Dokładnie działa to tak:
Dziecko "odwala" jakąś akcję. Dostaje ostrzeżenie np. "nie wolno bić mamusi, bo mamusię to boli i jest jej przykro. Jeżeli jeszcze raz uderzysz mamę to dostaniesz karę". Jeżeli dziecko robi jeszcze raz to samo, pomimo upomnienia, mówi mu się "ponieważ biłeś mamę, tak jak ustaliliśmy wcześniej za karę posiedzisz na jeżyku i przemyślisz sobie swoje zachowanie, a potem przeprosisz. Przyjdę po ciebie za X minut, gdy skończy się twoja kara". I dziecko idzie "siedzieć" na tyle minut ile ma lat. Potem rodzic przychodzi, mówi jeszcze raz, co dziecko zrobiło źle i dlaczego tak nie wolno. Dziecko powinno przeprosić. Wtedy rodzic przytula dziecko i mówi mu, że je bardzo kocha.
W programie pokazane są raczej skrajne przypadki. Czasem karny jeżyk jest stosowany jako uspokojenie w momencie histerii wymuszającej. Wtedy minuty zaczynają się liczyć od momentu kiedy dziecko się uspokoi (za każdym razem gdy ucieka jest sadzane spowrotem i informowane, że dopiero kiedy się uspokoi kara minie).

Bardzo często zresztą te mamy w programie zostawione same nadużywają tej metody i przy każdej możliwej okazji sadzają dziecko "za karę". A to nie tak działa. To kara przewidziana na sytuacje, kiedy dziecko z premedytacją i zlośliwie zrobi coś złego, mimo wcześniejszych upomnień. Taka "ostateczna ostateczność".

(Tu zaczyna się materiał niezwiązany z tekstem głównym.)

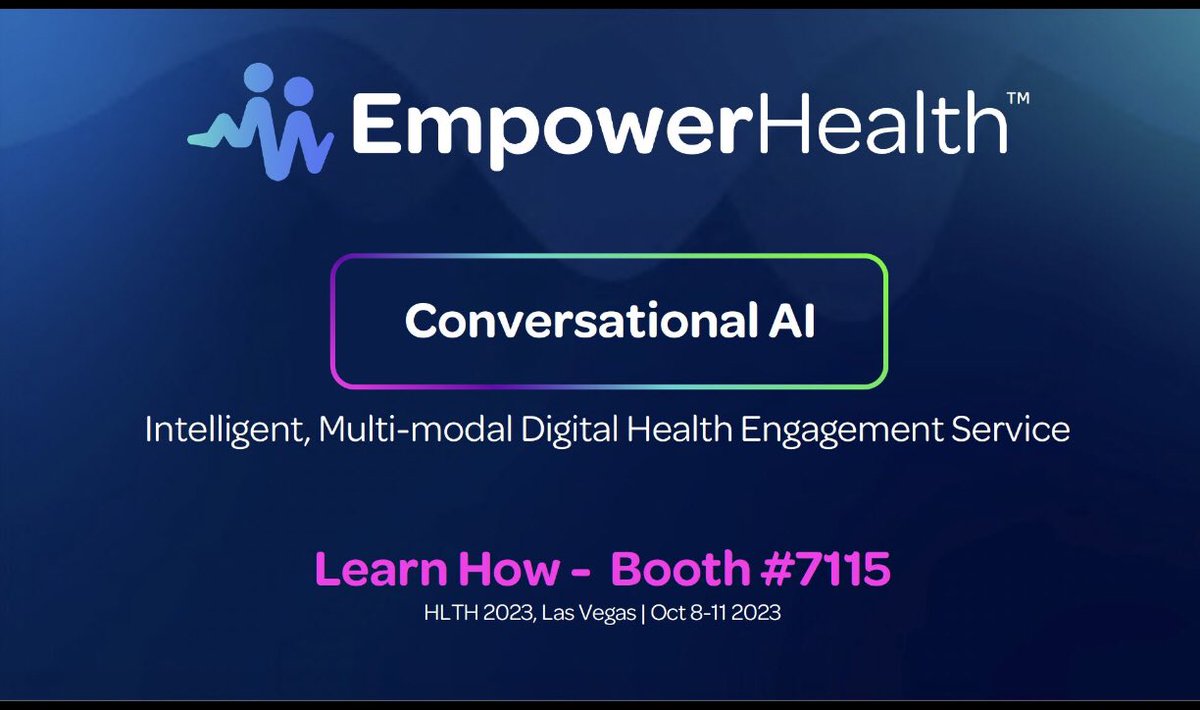 WeEmpowerHealth's tweet photo. Looking to increase engagement among patients and members by 67% or more? Visit booth #7115.

EmpowerHealth is the leader in conversational, AI-enabled digital health engagement. Learn about our Medicaid redetermination approach here 👉 https://t.co/Dr9oEHzPWp  #HLTH2023 #CX https://t.co/zrshulSUoR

Capricorn - 2008-05-10, 07:23

Jako pacholę ;-) mój Kacper kilkakrotnie miał taką właśnie karę, siedział chwilę na taborecie. A ja mu mówiłam, do ilu będę liczyć. I liczyłam głośno. W efekcie moja inteligentna bestia nauczyła sie migiem liczyć do dwudziestu :D a kara szybko zmieniła sie we frajdę.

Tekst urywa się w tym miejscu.